Game Theory 1.29

I’m halfway through only the third song of the evening when I realise Hethan is waving at me to stop. Everyone turns to look at him, but he just beckons, ‘come here.’

I feel a flutter in my stomach, that I’m in trouble for something and it must be pretty bad if he’s making me stop in the middle of a song. So I collect myself and give a look to Kerilas and Lotan at their usual table, and step off the stage to go and see what’s up.

Hethan practically pulls me into the back room. He seems excited rather than angry, though, saying I have a visitor. Jalese is there already, attending a tall Neri, standing in the centre of the room. I think he’s a he, but his appearance and dress is quite androgynous and he has that ethereal beauty I’m still trying to work on. Immediately I know this must be about my encounter with Fareis the previous day. I hadn’t told anyone about that, not even Jalese. I’m not sure why.

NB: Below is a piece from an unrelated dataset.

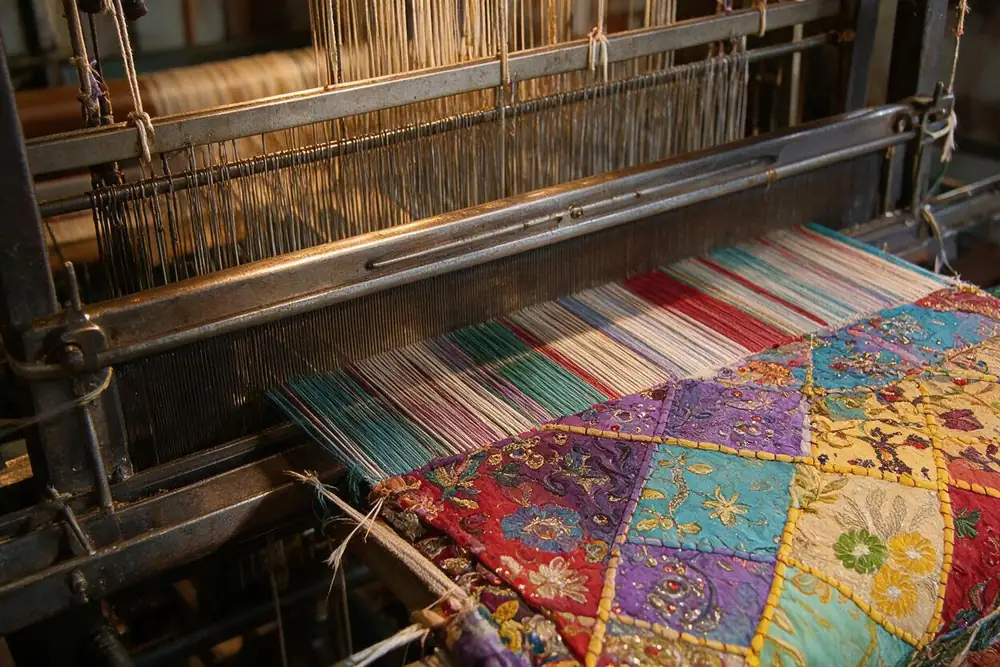 A loom with coloured warp threads feeding into an embroidered patchwork cloth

“Um, hello?” I say. I can hear how nervous my voice sounds.

“Mistress Taniel,” he begins. His voice is light and delicate. In fact, I think it’s unbroken, but I haven’t really spoken to a male Neri before, so for all I know their voices don’t break. “My name is Deidas, child of Satthei Fareis. My mother has asked me to bring you gifts and hopes you may consider favourably an offer to be joined and to sojourn with us.”

I stare at him. He’s at least a head taller than I am. So this is how it comes. She wants to take me into her ship, into her family. “I don’t want to,” I say. “My friends…”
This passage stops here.